2

Scope: I am creating a data pipeline which requires me to SSH into a linux VM (all my code is there) and then send the data to a MariaDB Server

My python script extracts data from a CRM, saves it into a dataframe and then sends it to the DB.

when I run:

from sqlalchemy import create_engine
f= open("db credentials,txt", "r")  # parse credentials in txt to hide sensitive data
sql_conn = f.read()
conn = create_engine(sql_conn)
df.to_sql(name='test_trx_1day', con=conn, if_exists='replace', index=False)

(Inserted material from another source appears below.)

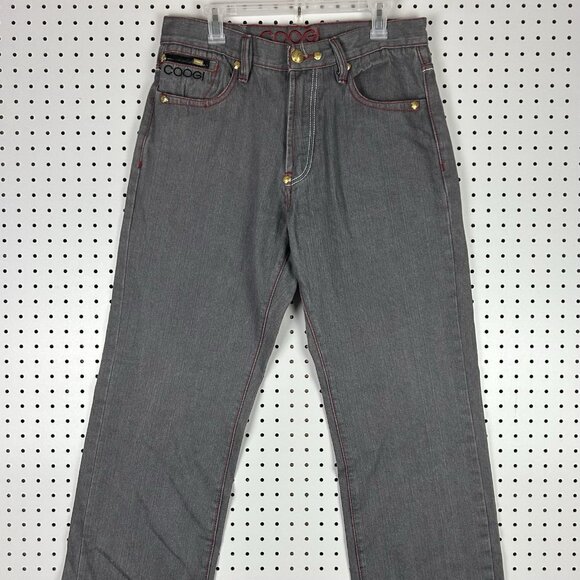 Coogi Y2K Baggy Jeans 34x34 Wide Leg Streetwear Hip Hop Gray Gold Stitched 90s - Picture 5 of 8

I get the following error:

sqlalchemy.exc.OperationalError: (pymysql.err.OperationalError) (3750, "Unable to create or change a table without
a primary key, when the system variable 'sql_require_primary_key' is set. Add a primary key to the table or unset t
his variable to avoid this message. Note that tables without a primary key can cause performance problems in row-ba
sed replication, so please consult your DBA before changing this setting.")

I'm running:
python: 3.7.3
pyCharm IDE
using pymysql as mysql connector \

When I run my code on my machine and the destination is my local MYSQL DB it works!

Note: I am not that familiar with linux env so I am learning as I go along.

Dimitris
  • 41
  • 4
  • @snakecharmerb the table doesn't exist. I am creating it using the .to_sql method – Dimitris Aug 16 '21 at 18:08
  • 1
    Based on [other](https://stackoverflow.com/q/39407254/2144390) [questions](https://stackoverflow.com/q/50469391/2144390) it looks like you'll probably have to first create the table with a primary key and then use `to_sql(… , if_exists="append")`. – Gord Thompson Aug 16 '21 at 18:15
  • 2
    This seems to be a MySQL [setting](https://dev.mysql.com/doc/refman/8.0/en/server-system-variables.html#sysvar_sql_require_primary_key) - presumably the setting is different on your development server and the remote. – snakecharmerb Aug 16 '21 at 18:18
  • My experience with .to_sql is that it shouldn't care about primary key, makes me think there is something else triggering the error. Are you using pymysql to connect to MariaDB instead of MariaDB connector? – Ben Dickson Aug 16 '21 at 19:41
  • 2
    @BenDickson - It's true that `.to_sql()` doesn't care about primary keys. It doesn't even create a PK column with `index=True` which would be a (somewhat) reasonable assumption. The problem is that `.to_sql()` is getting SQLAlchemy to emit a CREATE TABLE statement with no primary key defined, which the server is rejecting because it has been configured with `sql_require_primary_key` set to `ON`. – Gord Thompson Aug 16 '21 at 20:09
  • @GordThompson you are correct. Creating the empty table and structure first (with a PK) in mysql cmd solved this issue. Many thanks all! – Dimitris Aug 17 '21 at 02:36

1 Answers1

2

Kudos to @gordthompson for the solution. Writing it here as I can't mark this as solved from the comments section.

  1. Create the empty table with appropriate data types in mysql first.
  2. Create your primary key. (I had an issue where I could not set an existing column as a PK and so created a default INT auto_increment one. I later altered the table to switch PK)
  3. Ran the same df.to_sql and no errors.
Dimitris
  • 41
  • 4